Mit Statements von David Eering (THE MACHINE), JE (BLACK SPACE RIDERS), Thomas Vedder (SAMSARA BLUES EXPERIMENT), Olli Buster (ELECTRO BABY), Jochen Fopp (MIRROR OF DECEPTION) und vom vampster-Team.

 

 

(c) 

JE (BLACK SPACE RIDERS)
1992 hab ich in einem Plattenladen in Münster, ELPI, gejobbt. Ich war der Metal-Alternative-Typ unter den anderen Neil-Young- und Bob-Dylan-hörenden Verkäufern da. Generell war Anfang der 90er schon eine aufregende Zeit für neue, schwere Riffs und Bands. MONSTER MAGNET´s Spine Of God von 91, geile Platten und Riffs von SOUNDGARDEN, TAD, Mudhoney, C.O.C., MELVINS, etc.
Ich hab im Laden immer morgens den Wareneingang durchgecheckt, was so als Neuheiten dabei war, was man mal in den Player packen könnte. Und da war dann Blues for The Red Sun. In den Player rein, schnell bevor Günni Bob Dylan, Manni Neil Young oder Charles Bob Marley reinschmeißen konnte. UND DANN …. nach dem Intro von Thumb … WUMMER WUMMER DRÖHN DRÖHN.
Ich dachte:
1. Boh ey, ist das dumpf
2. Sind die Boxen im Arsch?
3. Hat Charles wieder alle Höhen an der Anlage rausgedreht?
4. Ist bestimmt nen Produktionstrick, gleich macht´s wusch und der Sound ist normal
Dann klang der zweite Song Green Machine aber genauso komisch. Da dachte ich Die meinen das ernst! Das muss so! Wow! Das ist konsequent! Das ist anders! Das ist geil Die anderen schrien natürlich längst mach den Scheiss aus (haben sie immer geschrien, wenn ich was aufgelegt habe), aber ich hab mich durchgesetzt und wir haben weitergehört.

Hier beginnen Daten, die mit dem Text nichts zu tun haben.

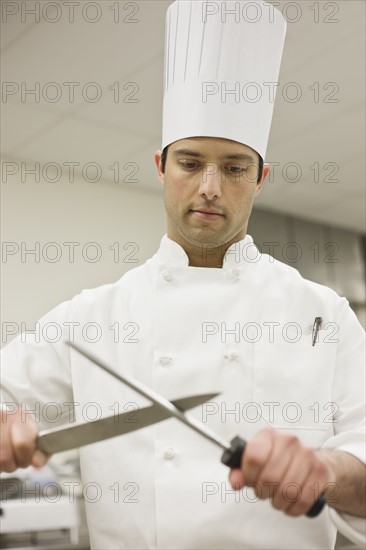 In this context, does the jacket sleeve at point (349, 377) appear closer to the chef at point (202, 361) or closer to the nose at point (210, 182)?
the chef at point (202, 361)

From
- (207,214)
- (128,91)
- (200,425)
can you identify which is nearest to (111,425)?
(200,425)

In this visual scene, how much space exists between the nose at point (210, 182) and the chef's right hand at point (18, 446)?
41 cm

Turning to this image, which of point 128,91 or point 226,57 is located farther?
point 128,91

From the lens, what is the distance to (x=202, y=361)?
0.97 meters

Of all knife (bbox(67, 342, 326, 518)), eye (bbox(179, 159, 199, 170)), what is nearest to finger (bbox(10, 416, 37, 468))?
knife (bbox(67, 342, 326, 518))

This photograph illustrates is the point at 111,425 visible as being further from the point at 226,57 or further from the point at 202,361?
the point at 226,57

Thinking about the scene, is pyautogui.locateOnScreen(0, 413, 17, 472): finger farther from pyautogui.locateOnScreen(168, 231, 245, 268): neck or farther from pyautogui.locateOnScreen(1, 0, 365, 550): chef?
pyautogui.locateOnScreen(168, 231, 245, 268): neck

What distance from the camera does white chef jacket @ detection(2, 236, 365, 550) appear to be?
0.89 metres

Die haben aufgehört zu rufen, da kam dann bei Molten Universe – Alter, klingt wie Sabbath!“ und beim Oberhammer Freedom Run HEEEEENDRIX, Alter, Respekt, ey, nicht schlecht!.
Ich war damals (öh, bin´s heute immer noch) besessener Musik-Missionar, hab die Leute belabert ohne Ende: das MUSST Du Dir anhören!!! Heute wird ja gerne so getan, als ob jeder damals Blues for the Red Sun gekauft hat und ja gerne so getan, als ob jeder damals Blues for The Red Sun gekauft hat und das war ne Inititalzündung für ne ganze Szene, blabla … mal ganz ehrlich: das hat damals kaum einer gehört, ich hab unsere Clique infiziert, wir haben das wie wild gehört und weitergetragen und dann später nach … Welcome To Sky Valley und insbesondere ab dem Release von And the Circus leaves town habe ich KYUSS dann auch als bekannt empfunden, aber ich kenne persönlich nur einen Typen, der sich Blues for The Red Sun am Veröffentlichungstag gekauft hat: mich! (Höhöhö .. die kleine Angebernummer musste ich mir jetzt mal gönnen)
Blues for The Red Sun war geil und anders und ich hab sie gerade mal wieder eingelegt, als ich diese Zeilen geschrieben hab … Sie ist es immer noch!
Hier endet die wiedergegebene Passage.